Return the listing below verbatim. Pictures do not belong in the copy.
== Data section ==
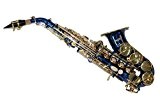 Karl Glaser Saxophone Soprano, courbe, bleu/or, avec étui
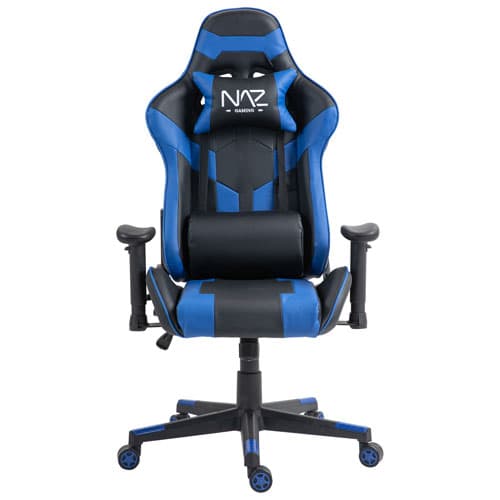 Naz Gladius Ergonomic High-Back Faux Leather Gaming Chair - Blue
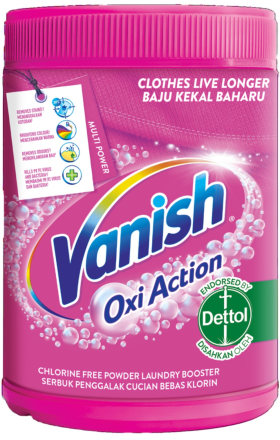 Լաքահանող փոշի «Vanish», գունավոր գործվածքների համար 480գ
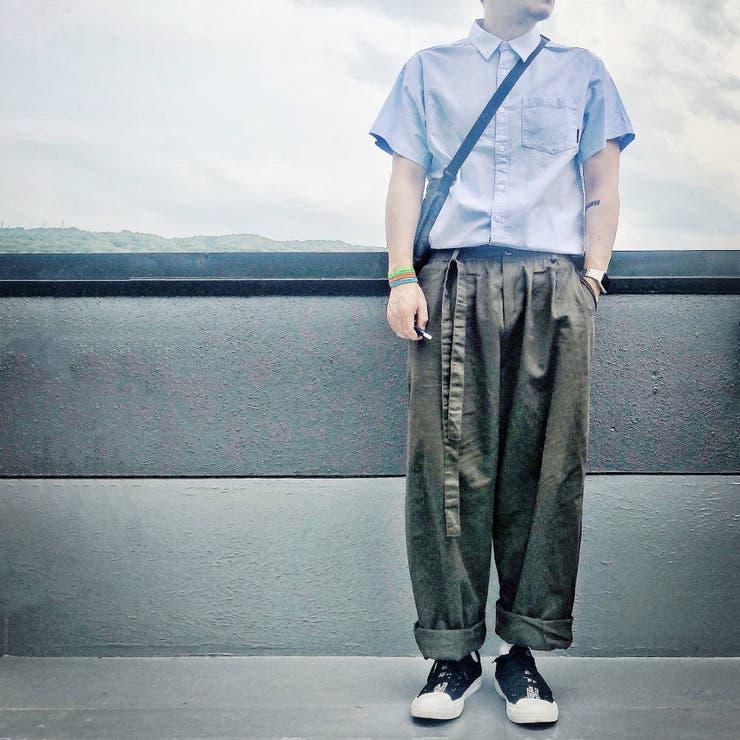 ワイドパンツ メンズ 無地 | RAiseNsE  | 詳細画像8 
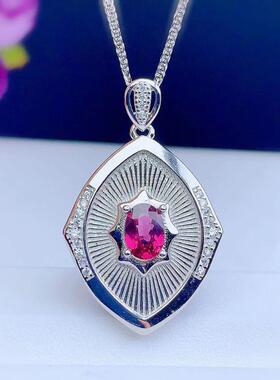 女纯银吊坠空托流行复古风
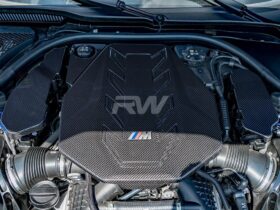 RW Carbon G90 G99 M5 Carbon Engine Cover Trim Kit for BMW M5 - Image 2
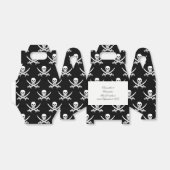 Een leuke piratenvlag thema bruiloft bedankdoosjes (Uitgevouwen)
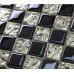 Vitreous Mosaic Tile Crystal Glass Backsplash Washroom Design Plated Dining-rooom Wall Tiles 8125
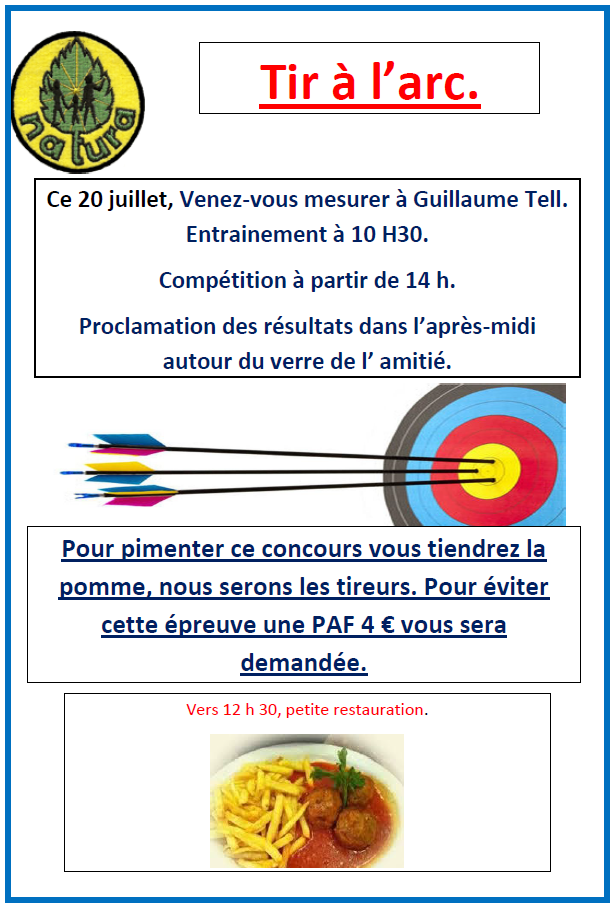 Tir à l'arc 20-07-25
===
Result for this exercise:
 Karl Glaser Saxophone Soprano, courbe, bleu/or, avec étui
 Naz Gladius Ergonomic High-Back Faux Leather Gaming Chair - Blue
 Լաքահանող փոշի «Vanish», գունավոր գործվածքների համար 480գ
 ワイドパンツ メンズ 無地 | RAiseNsE  | 詳細画像8 
 女纯银吊坠空托流行复古风
 RW Carbon G90 G99 M5 Carbon Engine Cover Trim Kit for BMW M5 - Image 2
 Een leuke piratenvlag thema bruiloft bedankdoosjes (Uitgevouwen)
 Vitreous Mosaic Tile Crystal Glass Backsplash Washroom Design Plated Dining-rooom Wall Tiles 8125
 Tir à l'arc 20-07-25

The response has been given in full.